North Korea on Sunday hit out at Washington over its "nuclear war plan" after recent U.S. and South Korean moves to reinforce nuclear deterrence in the region.

The U.S. and its allies will bear responsibility for the "catastrophic consequences" of their "provocative acts" in the region, North Korea's Foreign Ministry said in a statement carried by the state-run Korean Central News Agency.

The ministry warned that Pyongyang is "ready to take the most necessary measures" to protect its sovereignty, national security interests, and "regional and global peace and stability."

Tensions on the Korean peninsula are at their highest level in decades amid the North's missile launches, waste balloons, a new military pact with Russia, and the South's resumption of loudspeaker broadcasts and activists' steady stream of balloons carrying anti-Pyongyang propaganda northward across the Demilitarized Zone separating the neighbors.

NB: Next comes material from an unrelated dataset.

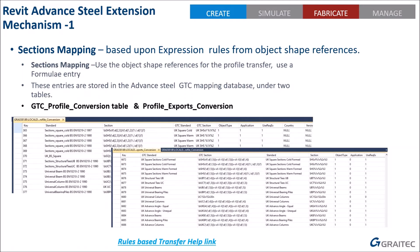Throughout this presentation you'll see some hyperlinks embedded in the document. If you've got the PDF, you can click on those and they should take you to various help link pages. There's just so much information available it's very difficult to encompass all of it in a few slides.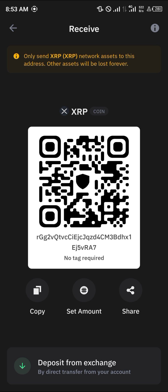Other wallets would require a destination tag, but for Trust Wallet you do not have to worry — no destination tag is required. All you need to do is simply copy the wallet address and that's all.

North Korean leader Kim Jong Un in Pyongyang on August 4. The North Korean Foreign Ministry accused the U.S. of flaming tensions on the Korean Peninsula through their "Iron Mace" tabletop simulation of a North... North Korean leader Kim Jong Un in Pyongyang on August 4. The North Korean Foreign Ministry accused the U.S. of flaming tensions on the Korean Peninsula through their "Iron Mace" tabletop simulation of a North Korean nuclear attack. Korean Central News Agency

North and South Korea are technically still in a state of war, having never signed a peace treaty since the end of open hostilities in 1953.

The ministry criticized the recent U.S.-South Korean tabletop exercise "Iron Mace 24," held Tuesday to Thursday in Pyeongtaek, South Korea, as being more than its stated purpose of simulating a hypothetical nuclear attack.

The ministry said Washington and Seoul had set up a "nuclear war plan" aimed at Pyongyang since the two allies set up the Nuclear Consultative Group in April 2023.

The Iron Mace exercise shows this plan is now in the phase of "actual and detailed execution, the ministry said.

According to Seoul and Washington, the Nuclear Consultative Group, which has met three times so far, was formed to "strengthen extended deterrence, discuss nuclear and strategic planning, and manage the North Korean threat to" international nuclear nonproliferation efforts.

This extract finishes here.